Another important distinction between operating systems and encyclopedias is the nature of the source code. Linux source code is written in a mixture of assembly language and C/C++ that must be compiled and linked for execution. Wikipedia articles are written in a custom markup language that includes a TeX-like formula typesetting system, but which otherwise hardly merits being described as source code. I am not quibbling over semantics. Source code for operating systems must conform to a strict grammar and set of semantic rules whose violation is immediately disclosed when the code is compiled and linked. Acquiring the ability to write such code is a significant barrier to playing in the Linux game. By contrast, anyone who is literate enough to reach the Wikipedia site is capable of writing or editing articles, at least if he is unconcerned with links or formulas. A person of reasonable intelligence can figure out links and other formatting from examples within a few minutes. Formula typesetting is considerably more difficult -- but I have already pointed out that mathematical articles tend to be much better than average, and I believe that this is another part of the explanation for it.

But it is neither the conflicts of interest between consumers and producers, nor the relative lack of entry barriers to writing "source code," that is the most important difference between Linux and Wikipedia. The most important and damaging distinction is the lack of a decent validation procedure for Wikipedia.

I make my living as a computational physicist, which means that much of my time is spent developing software that is supposed to perform useful scientific calculations for me or my customers. Because I work at a federally funded research and development center (LANL), I am somewhat insulated from market forces, though less than you might think. I cannot maintain my competitive advantage as a computational physicist unless I am able to quickly detect and repair defects in my software. Our group has adopted a number of practices to assure software quality, including Design By Contract, peer reviews, and adoption of coding standards; but one of the most important practices is levelized design and unit testing.

When I implement new features in our software, I am expected to break these features into discrete units that fit into a level hierarchy. These units can call upon services provided at lower levels of the hierarchy, but not on services from the same level or higher. This means that each unit can be tested independently of other units at the same level or higher. These unit tests are meant to tell us at once whether a unit of software is doing what it is supposed to be doing. They also serve as regression tests: If we modify a unit of software, we can immediately double check that the software still correctly does all the things it correctly did last week. We do this by invoking a script that runs the unit test suite.

I am almost certain that the major Linux distributors use a similar model. Yes, their source is open -- you can get a copy and do what you like with it -- but they are under no obligation to take back your modifications, and will do so only if your modifications appear to be an improvement and if they pass all the existing unit tests.

Now contrast this with Wikipedia. How do you validate an article in Wikipedia? How do you perform automatic regression testing to ensure that articles only improve with time?
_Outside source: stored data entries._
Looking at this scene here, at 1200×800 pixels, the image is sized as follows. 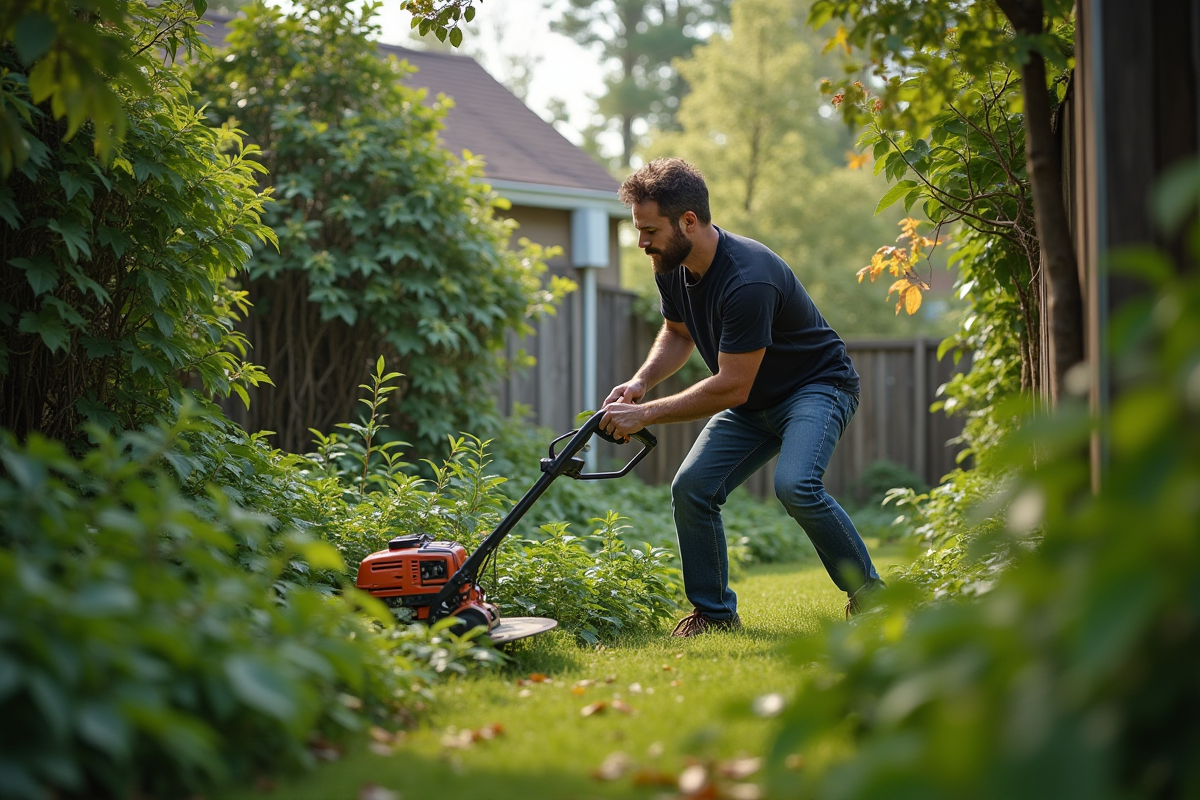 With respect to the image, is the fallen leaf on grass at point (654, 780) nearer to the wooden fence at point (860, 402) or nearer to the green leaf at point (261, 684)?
the green leaf at point (261, 684)

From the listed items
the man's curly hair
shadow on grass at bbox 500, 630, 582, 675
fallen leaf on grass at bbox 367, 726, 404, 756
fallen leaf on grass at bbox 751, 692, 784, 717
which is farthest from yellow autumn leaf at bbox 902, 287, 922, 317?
fallen leaf on grass at bbox 367, 726, 404, 756

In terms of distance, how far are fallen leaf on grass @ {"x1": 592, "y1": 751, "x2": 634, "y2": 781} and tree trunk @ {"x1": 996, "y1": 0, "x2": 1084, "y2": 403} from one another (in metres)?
1.49

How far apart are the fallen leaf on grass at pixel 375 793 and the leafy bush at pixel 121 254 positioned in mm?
2253

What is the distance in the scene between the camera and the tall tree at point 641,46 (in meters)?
28.9

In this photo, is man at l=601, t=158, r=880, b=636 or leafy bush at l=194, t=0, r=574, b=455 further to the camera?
leafy bush at l=194, t=0, r=574, b=455

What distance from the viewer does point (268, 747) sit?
223 cm

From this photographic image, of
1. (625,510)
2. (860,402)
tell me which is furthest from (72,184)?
(860,402)

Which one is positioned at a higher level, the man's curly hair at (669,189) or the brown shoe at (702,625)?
the man's curly hair at (669,189)

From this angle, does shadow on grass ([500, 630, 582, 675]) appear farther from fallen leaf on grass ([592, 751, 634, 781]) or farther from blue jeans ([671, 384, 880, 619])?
fallen leaf on grass ([592, 751, 634, 781])

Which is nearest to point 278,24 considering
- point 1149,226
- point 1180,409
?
point 1149,226

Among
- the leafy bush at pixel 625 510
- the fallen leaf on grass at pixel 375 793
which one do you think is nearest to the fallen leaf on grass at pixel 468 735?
the fallen leaf on grass at pixel 375 793

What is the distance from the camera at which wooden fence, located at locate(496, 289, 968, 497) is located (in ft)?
33.4

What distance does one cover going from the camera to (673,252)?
14.5 ft

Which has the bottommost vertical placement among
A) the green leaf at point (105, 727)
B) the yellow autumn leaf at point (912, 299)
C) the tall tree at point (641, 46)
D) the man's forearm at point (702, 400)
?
the green leaf at point (105, 727) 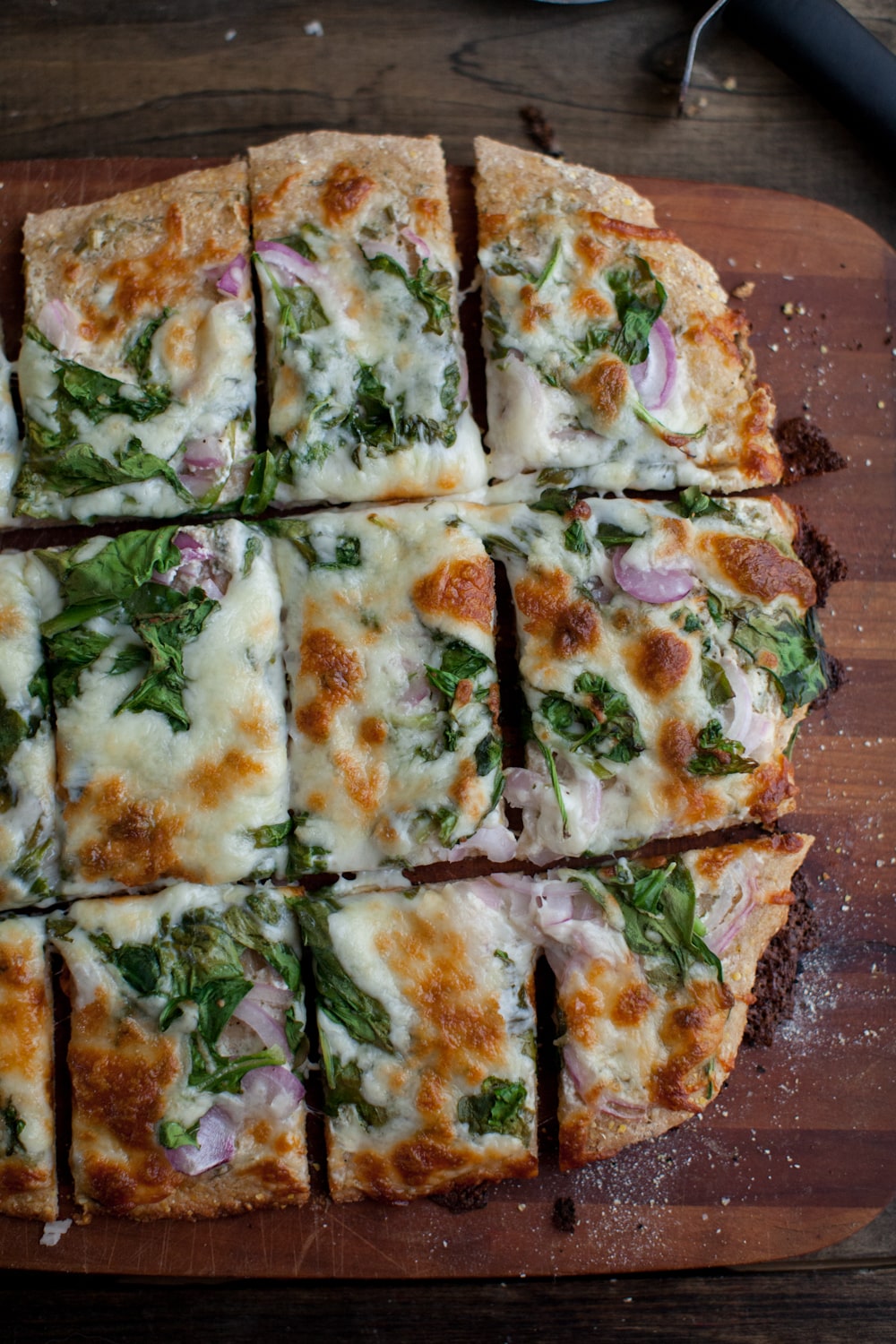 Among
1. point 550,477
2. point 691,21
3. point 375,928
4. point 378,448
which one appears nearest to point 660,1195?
point 375,928

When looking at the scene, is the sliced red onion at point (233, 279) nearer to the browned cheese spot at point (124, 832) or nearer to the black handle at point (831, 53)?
the browned cheese spot at point (124, 832)

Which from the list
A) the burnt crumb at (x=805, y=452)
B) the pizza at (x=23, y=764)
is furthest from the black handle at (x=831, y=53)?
the pizza at (x=23, y=764)

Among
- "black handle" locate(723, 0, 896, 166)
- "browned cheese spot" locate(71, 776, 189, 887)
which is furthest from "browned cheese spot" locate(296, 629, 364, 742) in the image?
"black handle" locate(723, 0, 896, 166)

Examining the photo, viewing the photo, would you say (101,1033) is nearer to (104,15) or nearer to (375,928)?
(375,928)

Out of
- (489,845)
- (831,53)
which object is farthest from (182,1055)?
(831,53)

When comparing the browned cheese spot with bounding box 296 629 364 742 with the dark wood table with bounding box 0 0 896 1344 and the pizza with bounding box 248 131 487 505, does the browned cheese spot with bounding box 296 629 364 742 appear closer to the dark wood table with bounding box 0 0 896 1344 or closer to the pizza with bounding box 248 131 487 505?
the pizza with bounding box 248 131 487 505

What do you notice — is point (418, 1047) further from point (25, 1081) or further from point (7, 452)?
point (7, 452)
As a former editor with Encyclopedia Brittanica, McHenry is familiar with the tedious validation process used by publishers of conventional encyclopedias:

I was once an encyclopedia editor, but I wasn't one just because I said so. It's not like being an artist, after all. When I began I first learned to proofread, then to fiddle about with galleys and page proofs, then to fact-check, then to write clearly and concisely, and so on; at length I learned (so we agreed to say) editorial judgment. Late in my days I took a hand in training others. There really is something to the job -- skills, knowledge, experience, and maybe even a touch of talent.

The editorial process I learned was very elaborate. Nothing was published that had not been seen by four or more sets of eyes. Why? Because it was believed that our continued employment depended upon our reputation, which in turn rested on the reliability of what we published. There came a time in the 1980s when, like so many other firms at the time, our company was invaded by swarms of consultants. Though our business was explaining and we were, by most accounts, pretty good at it, we found we could not explain to the satisfaction of someone laboring under the burden of a business-school education just why we would proofread an article three times, or fact-check something written by an expert. I finally went out and got an MBA myself just so I could oblige these folks to listen. But they had been taught that they needn't know anything so specific about the businesses they "advised"; theirs was the grand general view, and in that view we spent too much time and money in needless busywork.

There is nothing to suggest that Wikipedia has any analogous process at all.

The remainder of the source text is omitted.